Наполеон прибыл почти тотчас после офицера, возвестившего о его прибытии. В половине двенадцатого вечера 18 декабря он вошел в Тюильри и застал врасплох жену, ничуть не охладевшую к нему из-за перемены положения, но глубоко удивленную, ибо она думала, что сочетаясь с ним, соединяется не только с баловнем фортуны, но и с самой фортуной, щедрой рукой раздающей земные блага. Наполеон нежно обнял Марию Луизу и, продолжая с ней род комедии, которую играл со всеми, повторил, что холод, только холод вызвал удивительное злоключение, которое, впрочем, легко исправить, как вскоре все увидят. Он ободрил жену как мог, не признавшись даже ей в терзаниях чудовищно страдавшей гордости.
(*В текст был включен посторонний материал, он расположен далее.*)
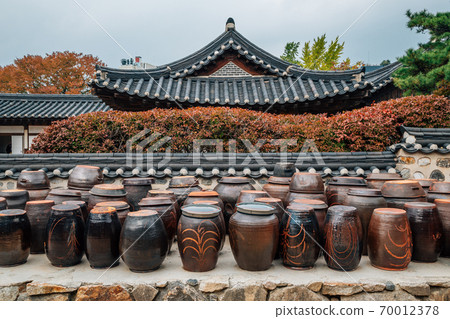 Jangdokdae, Korean traditional crocks or jars at Namsangol Hanok Village in Seoul, Korea 70012378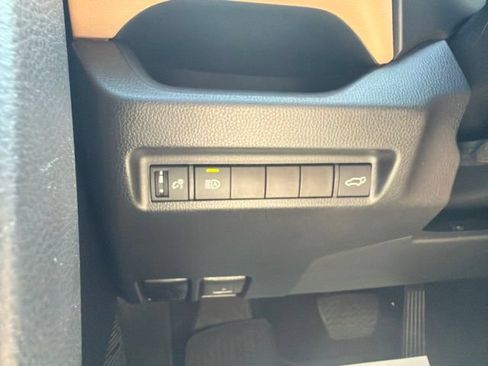 Used 2022 Toyota RAV4 XLE Premium FWD image 11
Наутро 19-го Наполеон ждал министров и придворных. Первое свидание с покорными служителями, с которыми он столь пренебрежительно обходился с высоты своего беспримерного величия, было мучительным. Но у него имелся ресурс, который приберег для него печальный случай и которым низость большинства придворных позволяла ему воспользоваться: заговор генерала Мале. Дерзкий заговорщик до такой степени застиг их врасплох, что некоторые высшие чиновники, в частности, умный и бесстрашный министр полиции Савари, попали в тюрьму. Потом они доносили друг на друга и приказали расстрелять дюжину несчастных (тогда как виновным был один), оставшись в неуверенности относительно того, удалось ли им обрести снисходительность отсутствующего повелителя.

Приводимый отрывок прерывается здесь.